Tata Consumer Products too is in the midst of a similar ecommerce rush. Sunil D’Souza, Tata Consumer Products MD and CEO, told Business Standard in a recent interview that there has been substantial channel shifts. “Ecommerce has come to the party, and so has quick commerce. If I add back the modern trade, if I add back all of quick commerce because quick commerce is all urban, and I assume that 50 per cent of ecommerce is urban and 50 per cent is rural, my urban growth is 14.5 per cent,” D’Souza said.
In a post-result analyst call, Tata Consumer Products management gave out a number—that while 14 per cent of its revenue comes from ecommerce, it sees half of its contribution flowing from quick commerce.
At Nestlé India, the ecommerce focus is quite clear. In 2016, the e-commerce contribution to its business was just 1 per cent. Some eight years later, at the end of June quarter in 2024, its ecommerce contribution stood at 7.5 per cent.

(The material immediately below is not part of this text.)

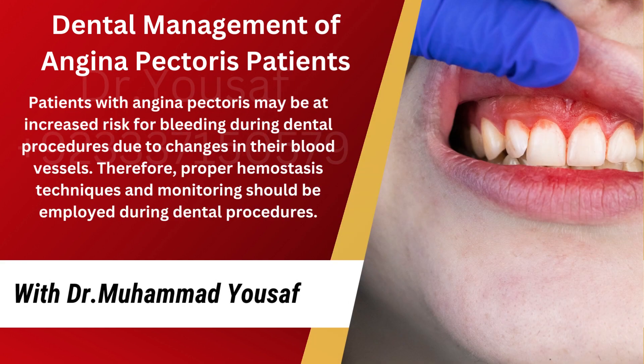Patients with angina pectoris may be at increased risk for bleeding during dental procedures due to changes in their blood vessels. Therefore, proper hemostasis techniques and monitoring should be employed during dental procedures.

And, at the end of the quarter ended March 2025, the ecommerce pie in its total sales had grown at a fast clip to 8.5 per cent.
“To serve our consumers we have an omni-channel approach, and this implies that our brands are available at locations and channels that are most convenient for consumers. One such channel is ecommerce, which continued in its growth trajectory, propelled by the rapid expansion of quick commerce, contributing to 8.5 per cent of domestic sales, in this financial year ended March 31,” Suresh Narayanan, chairman and managing director at Nestle India, was quoted as saying in a company statement after the recent quarterly results.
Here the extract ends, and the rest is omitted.